Quello dei governi di centrosinistra invece si è rivelato finora uno statalismo lassista, rissoso e inconcludente. Sembra che il compito della politica sia spendere. Non importa come vengono utilizzati i soldi pubblici, o che i servizi funzionino, l'importante è poter dire di aver aumentato il budget a questo o a quel programma. Vivi e lascia vivere. A rimetterci siamo tutti, stretti nella morsa di due statalismi.

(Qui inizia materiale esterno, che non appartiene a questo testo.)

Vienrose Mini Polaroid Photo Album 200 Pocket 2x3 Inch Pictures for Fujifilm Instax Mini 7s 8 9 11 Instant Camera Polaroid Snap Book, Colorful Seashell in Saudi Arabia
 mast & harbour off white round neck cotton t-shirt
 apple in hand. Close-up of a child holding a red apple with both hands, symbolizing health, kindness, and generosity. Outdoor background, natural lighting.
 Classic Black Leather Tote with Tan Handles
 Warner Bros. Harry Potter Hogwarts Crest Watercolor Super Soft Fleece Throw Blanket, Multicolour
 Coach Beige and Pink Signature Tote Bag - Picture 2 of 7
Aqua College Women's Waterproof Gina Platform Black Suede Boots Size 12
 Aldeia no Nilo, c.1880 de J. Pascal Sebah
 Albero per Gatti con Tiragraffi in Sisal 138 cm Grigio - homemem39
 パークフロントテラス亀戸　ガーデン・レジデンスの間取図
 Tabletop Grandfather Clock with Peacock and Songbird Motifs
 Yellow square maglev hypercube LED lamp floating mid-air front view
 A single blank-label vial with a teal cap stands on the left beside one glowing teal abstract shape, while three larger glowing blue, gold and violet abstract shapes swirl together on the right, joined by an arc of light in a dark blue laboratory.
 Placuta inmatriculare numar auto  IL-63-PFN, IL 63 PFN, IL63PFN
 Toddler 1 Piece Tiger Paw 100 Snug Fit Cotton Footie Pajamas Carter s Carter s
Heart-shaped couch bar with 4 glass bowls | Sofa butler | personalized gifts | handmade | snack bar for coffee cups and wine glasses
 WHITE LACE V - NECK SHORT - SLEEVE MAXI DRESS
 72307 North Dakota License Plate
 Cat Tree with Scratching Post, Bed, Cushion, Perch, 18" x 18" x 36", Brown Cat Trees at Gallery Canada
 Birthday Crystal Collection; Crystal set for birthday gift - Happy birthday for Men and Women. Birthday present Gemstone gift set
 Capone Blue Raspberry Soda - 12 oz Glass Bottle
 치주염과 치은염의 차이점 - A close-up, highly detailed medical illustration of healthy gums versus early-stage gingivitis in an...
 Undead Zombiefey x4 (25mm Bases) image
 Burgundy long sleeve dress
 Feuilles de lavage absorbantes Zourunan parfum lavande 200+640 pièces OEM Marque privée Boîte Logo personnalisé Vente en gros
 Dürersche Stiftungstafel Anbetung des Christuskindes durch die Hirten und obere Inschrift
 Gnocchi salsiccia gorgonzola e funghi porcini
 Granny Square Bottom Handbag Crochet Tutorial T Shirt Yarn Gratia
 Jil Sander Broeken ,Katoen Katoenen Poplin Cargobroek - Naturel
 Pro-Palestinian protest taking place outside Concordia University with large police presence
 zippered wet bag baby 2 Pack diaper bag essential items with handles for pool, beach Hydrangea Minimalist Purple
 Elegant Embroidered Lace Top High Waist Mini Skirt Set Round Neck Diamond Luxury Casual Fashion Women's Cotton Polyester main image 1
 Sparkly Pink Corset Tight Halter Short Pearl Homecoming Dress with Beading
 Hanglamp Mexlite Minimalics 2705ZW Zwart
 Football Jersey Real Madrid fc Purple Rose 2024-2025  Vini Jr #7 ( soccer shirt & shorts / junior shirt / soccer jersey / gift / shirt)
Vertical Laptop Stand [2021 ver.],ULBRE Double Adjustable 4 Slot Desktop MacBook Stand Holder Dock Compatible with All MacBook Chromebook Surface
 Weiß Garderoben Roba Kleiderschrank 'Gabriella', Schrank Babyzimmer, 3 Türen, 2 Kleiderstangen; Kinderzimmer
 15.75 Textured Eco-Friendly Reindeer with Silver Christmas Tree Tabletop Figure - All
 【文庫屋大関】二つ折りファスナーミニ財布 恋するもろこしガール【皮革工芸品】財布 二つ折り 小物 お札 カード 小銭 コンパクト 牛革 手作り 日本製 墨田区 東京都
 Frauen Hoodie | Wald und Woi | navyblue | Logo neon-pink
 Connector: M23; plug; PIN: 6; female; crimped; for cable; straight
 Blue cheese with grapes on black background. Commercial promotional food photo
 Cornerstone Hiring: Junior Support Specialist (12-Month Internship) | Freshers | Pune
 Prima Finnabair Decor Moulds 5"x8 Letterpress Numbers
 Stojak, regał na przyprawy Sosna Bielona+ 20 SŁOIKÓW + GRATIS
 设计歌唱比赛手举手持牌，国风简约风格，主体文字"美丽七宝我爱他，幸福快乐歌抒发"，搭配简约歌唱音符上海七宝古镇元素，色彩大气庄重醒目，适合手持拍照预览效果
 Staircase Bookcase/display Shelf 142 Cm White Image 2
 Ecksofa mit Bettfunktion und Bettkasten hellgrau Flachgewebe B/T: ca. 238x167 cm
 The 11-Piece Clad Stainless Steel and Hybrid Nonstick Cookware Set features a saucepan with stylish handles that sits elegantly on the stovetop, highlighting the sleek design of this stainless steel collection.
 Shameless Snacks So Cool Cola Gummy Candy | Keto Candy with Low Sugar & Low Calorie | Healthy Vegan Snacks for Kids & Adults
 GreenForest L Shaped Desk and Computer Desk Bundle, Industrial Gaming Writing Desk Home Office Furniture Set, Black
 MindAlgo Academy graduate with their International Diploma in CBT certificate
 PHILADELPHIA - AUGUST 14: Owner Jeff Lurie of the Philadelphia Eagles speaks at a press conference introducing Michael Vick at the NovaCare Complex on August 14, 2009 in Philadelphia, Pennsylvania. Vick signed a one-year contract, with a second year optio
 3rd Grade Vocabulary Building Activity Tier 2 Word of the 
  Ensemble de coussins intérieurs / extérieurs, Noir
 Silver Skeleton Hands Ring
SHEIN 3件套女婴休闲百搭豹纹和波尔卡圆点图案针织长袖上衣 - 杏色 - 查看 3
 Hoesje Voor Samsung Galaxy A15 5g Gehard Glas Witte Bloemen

UPDATE: A proposito, da leggere questo magnifico articolo di Alberto Mingardi: «Sembrava essersi compiuta un'evoluzione, a sinistra: ora abbiamo davanti un'involuzione della destra».

1 comment:

Anonymous said...

La destra non ha da preoccuparsi, ho letto sul Riformista di oggi che sulla spinta di Obama la sinistra sta preparando un bel programma di rilancio basato su.... tasse e nazionalizzazioni !!!! sigh ....non è una barzelletta... e dato che da noi la ricchezza non si produce più e il paese è fermo da un decennio sapete la "nuova" sinistra cosa vuole proporre ? una bella PATRIMONIALE. Qualcuno spieghi a questi fuori di cervello che negli USA la pressione fiscale è al 25%, dai noi supera il 43%, da noi lo Stato nell'economia è radicato e rappresenta spesso il problema, negli USA è da decenni visto come la peste... sono situazioni assolutamente imparagonabili, là alzano le tasse a chi guadagna più di 200 mila dollari, da noi si torlgono le briciole ai poveracci per mantenere le province. Tra l'altro temo che la politica economica di Obama si rivelerà ben presto fallimentare e peserà per generazioni sulle spalle degli americani produttivi. Tremonti è un conservatore che difende gli interessi di chi il benessere lo ha già raggiunto dalle legittime pretese di chi vorrebbe riuscire a fare altrettanto, vedrai che i soldi per le opere pubbliche che gli piacciono tanto non li chiederà certo ai professionisti e alle lobbies che difende distruggendo le (poche) liberalizzazioni che si erano avviate.